■ **REQUIRED ACTION**: Please set down only the lines from the one containing "Push-in fitting |" through the end of the entries below, exactly, minus any pictures.

■ **DATASET CONTENT**:
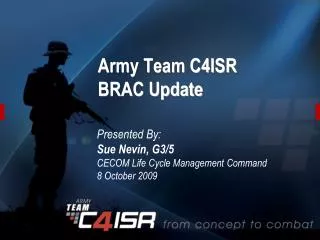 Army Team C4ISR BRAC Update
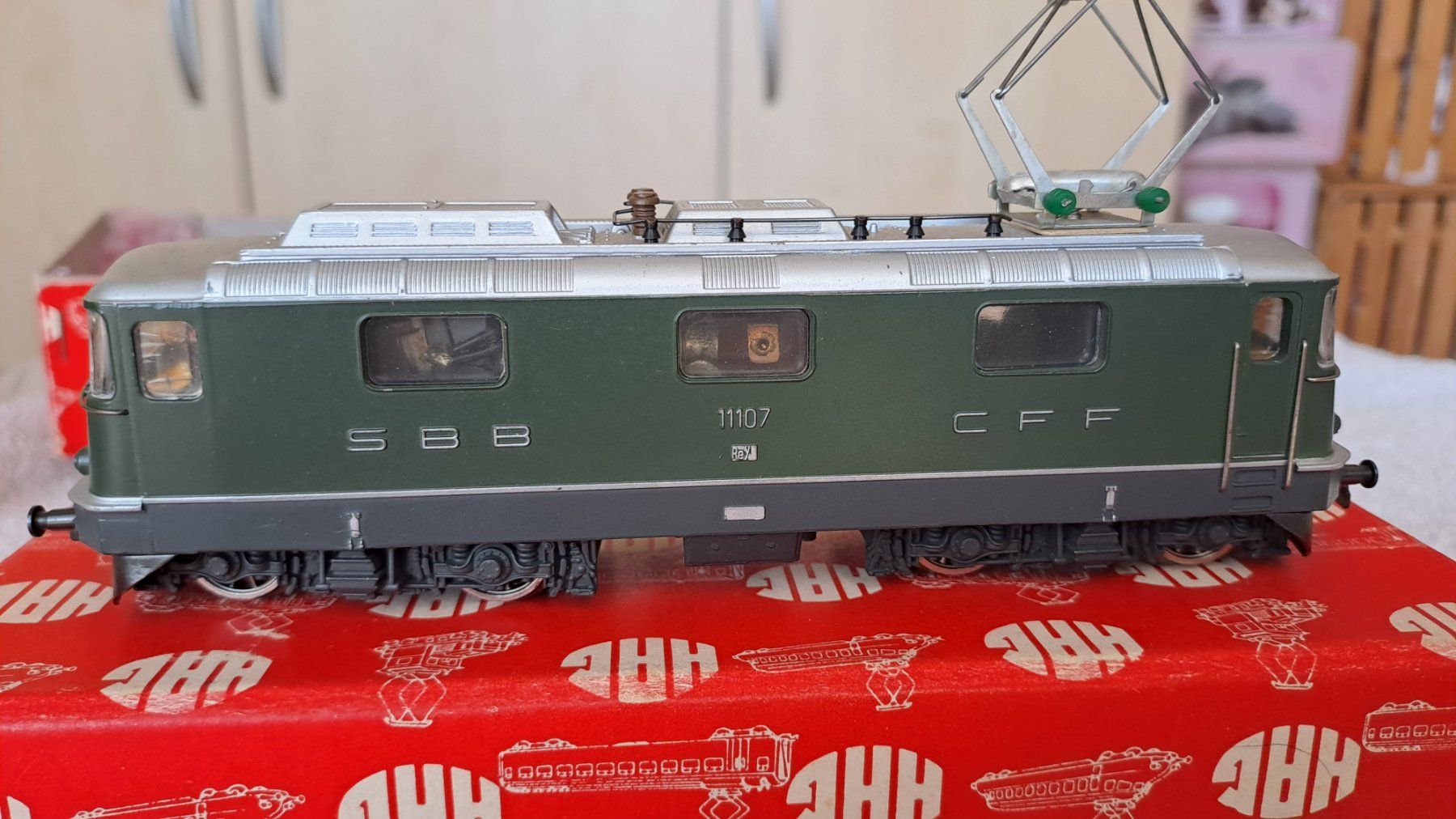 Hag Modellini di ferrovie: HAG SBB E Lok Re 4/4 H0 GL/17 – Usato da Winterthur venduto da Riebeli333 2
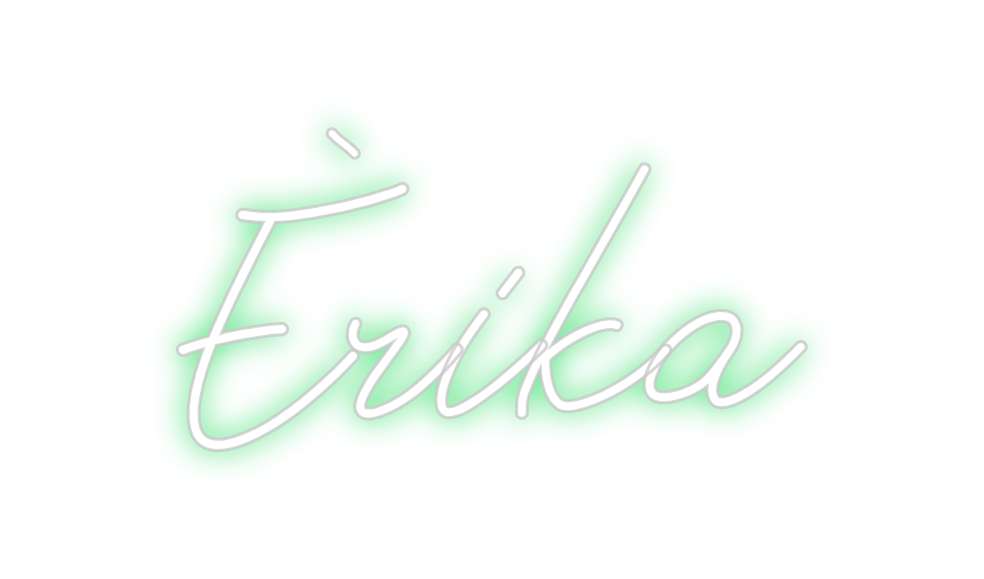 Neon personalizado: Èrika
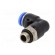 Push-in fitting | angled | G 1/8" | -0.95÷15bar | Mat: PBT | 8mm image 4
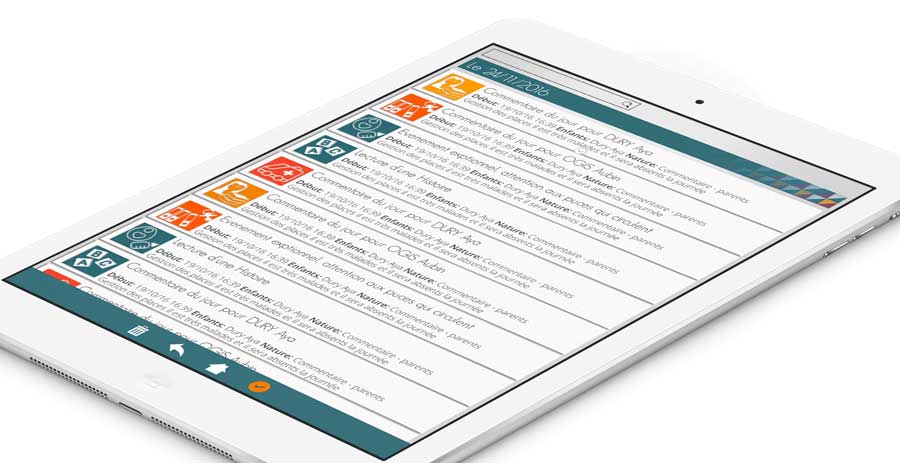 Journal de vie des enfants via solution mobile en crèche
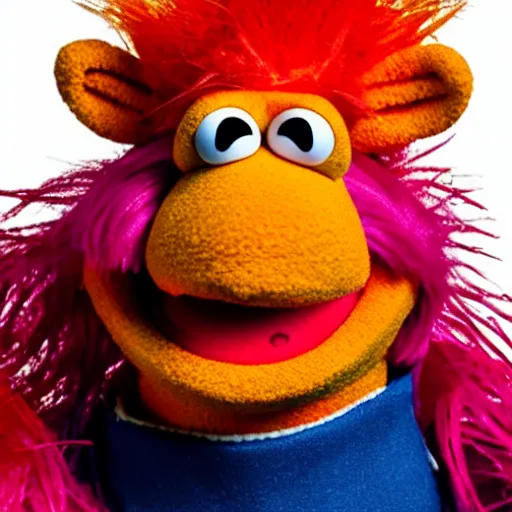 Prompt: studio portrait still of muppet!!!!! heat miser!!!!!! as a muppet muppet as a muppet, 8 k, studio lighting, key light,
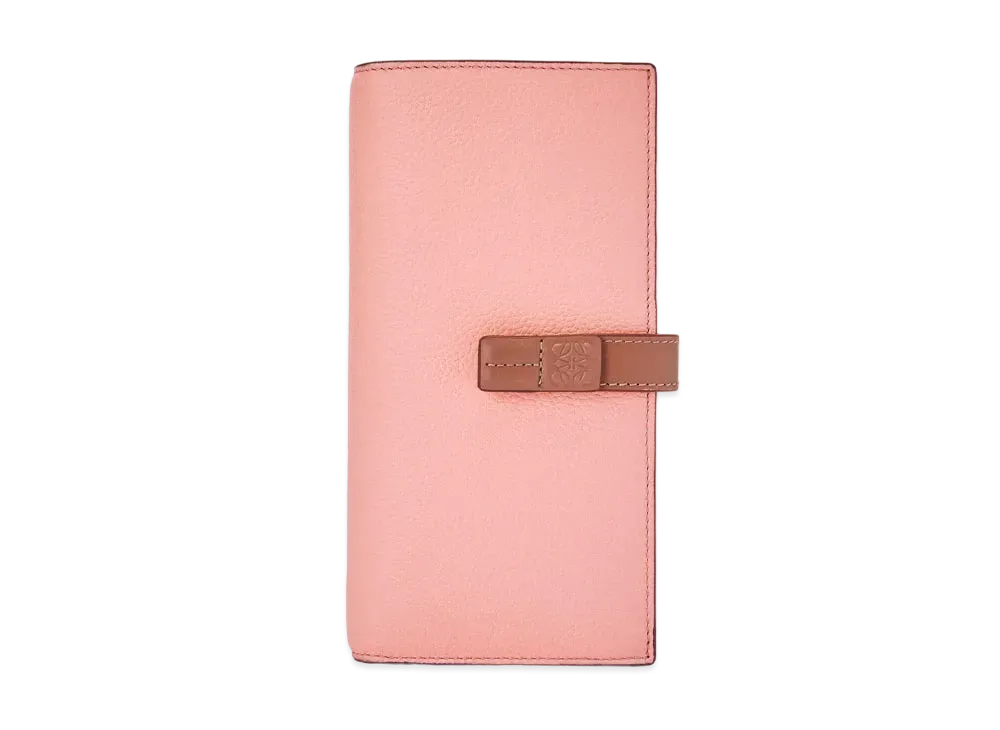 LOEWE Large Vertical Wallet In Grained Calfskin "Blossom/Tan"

■ **RESPONSE AREA**:
 Push-in fitting | angled | G 1/8" | -0.95÷15bar | Mat: PBT | 8mm image 4
 Journal de vie des enfants via solution mobile en crèche
 Prompt: studio portrait still of muppet!!!!! heat miser!!!!!! as a muppet muppet as a muppet, 8 k, studio lighting, key light,
 LOEWE Large Vertical Wallet In Grained Calfskin "Blossom/Tan"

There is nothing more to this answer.